Todd Kaminsky pushes PSEG execs for salary answers

Lane Filler for Newsday

Originally published in Newsday

When the State Senate and Assembly held its joint hearing on the response of the state’s utilities to Tropical Storm Isaias Thursday, Long Beach Democratic Sen. Todd Kaminsky had a particular bee in his bonnet that’s been bugging him for a while: the compensation of executives at PSEG Long Island and the fact that no one knows how much they make. 

And PSEG LI President Dan Eichhorn got stung.

Kaminsky, a former federal prosecutor, asked Eichhorn whether any PSEG LI executives were earning more than $750,000 a year, and Eichhorn replied that they were not. But when Kaminsky asked whether any were making more than $500,000 a year, Eichhorn said the company considered the information “confidential and personal,” at least implying the answer was yes.


But Kaminsky, who was co-chairing the videoconference, wants the actual numbers. The reason he can’t get them is because the law on publicly traded companies only demands the chief executive, chief financial officer and the top three other executives disclose, which with PSEG means the top dogs at New Jersey corporate. 

David Daly, Eichhorn’s predecessor as PSEG LI chief before being promoted back to the main office as PSEG President and chief operating officer in 2017, made $2,272,314 last year. That’s almost exactly what three other top execs listed made. Board chairman and chief executive Ralph Izzo, who sent an “I feel your pain” note to customers during the botched storm response, knocked down $10,888, 227.

Kaminsky has asked about PSEG LI salaries before and had hoped that a state law passed in 2016 that says such information must be part of a utility rent-increase case would make them public. PSEG LI has not sought a rate increase since the law passed, but Kaminsky says the company’s attorneys have told him they believe that even if state regulators get those numbers as part of a rate case, the company would fight their public release.
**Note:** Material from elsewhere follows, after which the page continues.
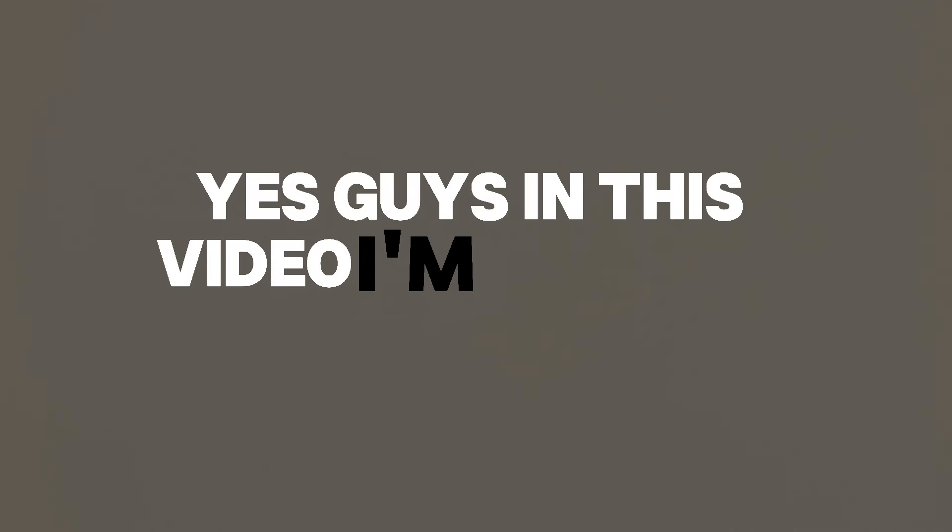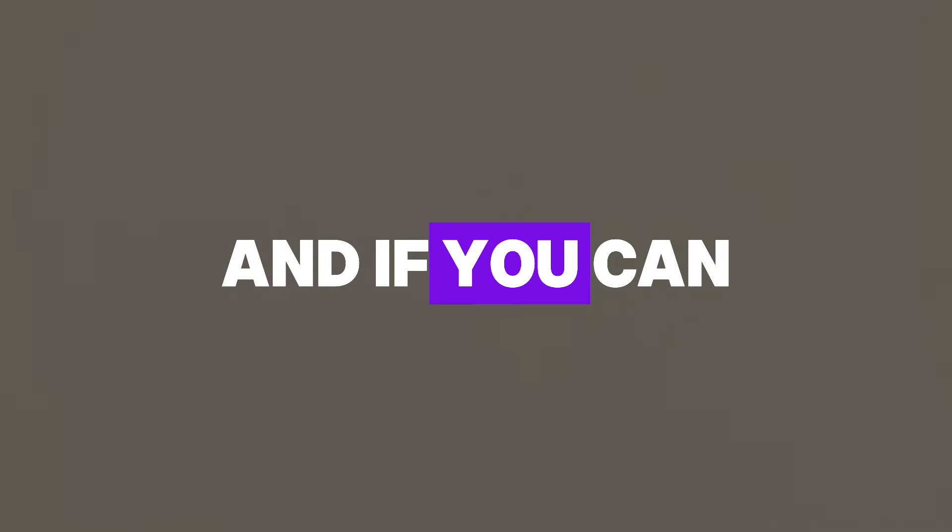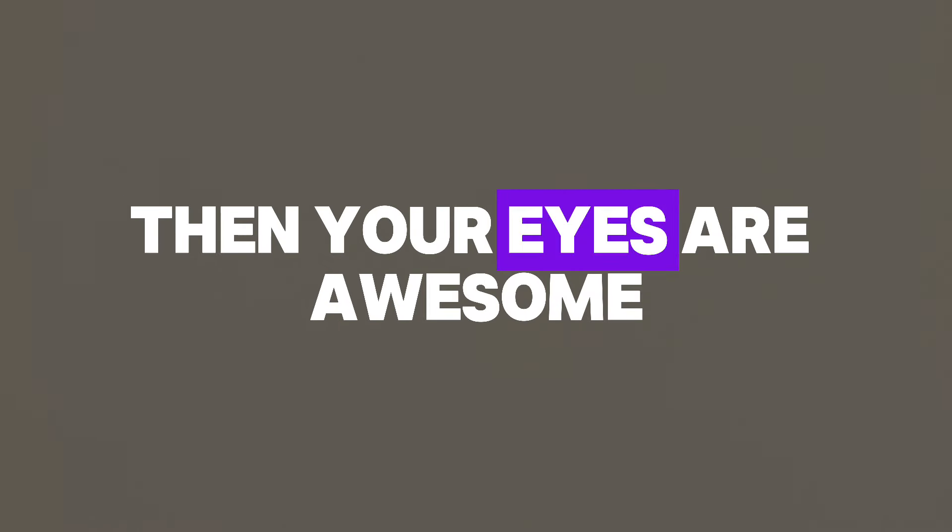Yes guys, in this video I'm going to test your eyes. Yep, this is an eye test. And if you can pass this test, then your eyes are awesome. So are you ready? Okay.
So Kaminsky says he’ll keep pushing on that front, potentially with legislation demanding such information become public. He’s unhappy that it will be ratepayers’ money rather than PSEG profits, which pays those executive salaries, that will fund any reimbursements to Long Islanders whose food or medicine spoiled thanks to extended outages. 

And he wants to know, as so many Long islanders do, why LIPA wasn’t making sure PSEG was ready for a storm.